Marriage is about Criteria, But loving someone is another level
menikah itu tentang kriteria, dan itu memang benar. disamping kita ini hidup dengan standar standar, ya gimana ngga’ kriteria ya bok kita mau pindah kostan aja pake kriteria ini itu dan harus menghitung keyakinan! it's very very weird when you don’t do that for the lifetime big deal! 

you want someone handsome, smart, pengusaha juga etc, etc, etc. what wrong about that? itu semua hanyalah sebuah paragraf panjang diferensial dari ajaran Rasul bahwa menikah memang sudah seharusnya sekufu. variabel variabel tersebut memang harus ada, walau tidak harus semuanya menjejak nilai maksimum dalam skalanya, tapi jelas harus ada. 

kalo kata anak 90-an, menikah itu cari yang sevisi, biar bisa diajak ngobrol dan diskusi bukan cuma berlarian kesana kemari dan tertawa. ya kalo ngga’ bisa diajak ngobrol gimana?. haruskah ku lari ke hutan dan belok ke pantai? 
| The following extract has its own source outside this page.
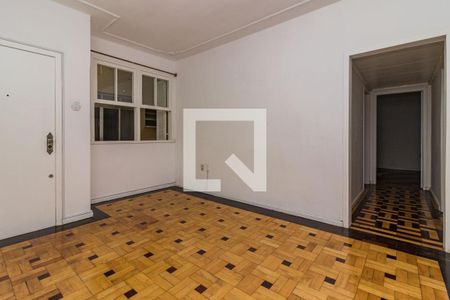 Sala de apartamento para alugar com 2 quartos, 70m² em Santana, Porto Alegre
everyone deserve to have someone as smart her/him, someone handsome/beautiful as her/him. someone wise, a gentleman. to get what you want, you have to deserve what you want. The world is not yet a crazy enough place to reward a whole bunch of undeserving people. (Charlie Munger) film disney princess itu selalu laku dari taun ke taun ya salah satu alasannya adalah inti dari cerita percintaan pangeran dan sang putri, they get married with someone they deserve. kagak bakal Princess Belle segitu exited-nya sama Adam (Beast) kalo dia enggak suka baca. dan tentu saja, kalo si Adam enggak pinter!

apa yang salah dari seorang wanita yang ngga’ mau diajak susah setelah sekian tinggi disekolahkan orang tuanya dan tetap bangkit setelah dibantai di sidang proposal? atau mengeliminasi pilihan cowok yang cuma mau didampingi berjuang dari bawah sampai menjejak titik mapan padahal tidak ada yang mendampingi si mbak saat sengsara selain orang tua, saudara dan sahabatnya sahabatnya? 

tidak ada yang salah tentang itu. yang salah adalah cowok cowok yang terlalu partriarkis. 

but, after all of this we have to always remember that loving someone is another level. hati yang kembali memiliki dinamika dengan segala perasaan perasaannya. perasaan bersemangat dan exited saat memperhatikan seseorang dalam diam, perasaan mengagumi yang tak sudah sudah dan sensasi jantung berdebar debar dan butterfly on stomach. perasaan sebel dan panas karena sedang terserang jealous attack dan hati yang menghangat saat menbaca pesan singkat. intinya, selogis apapun kita, kita ngga’ boleh munafik. believe or not, perasaan kek begitu itu mahal.

kita hidup dengan hati dan kepala. untuk itu kita butuh rasa dan kriteria. kita boleh eneg sampe kaya apaan sama orang orang yang sok pintar, tetapi kita juga ngga’ boleh membohongi hati ketika terkesan dengan pribadi berkelas.

terlepas dari segalanya, lembutkan hati untuk mencintai sekali lagi.  

jadi, kapan nikah?.
saya menikah kalo saya sudah ketemu jodoh saya. dan saya menikah kalau sudah waktunya. intinya, saya menikah kalo sudah takdir. as simple as that!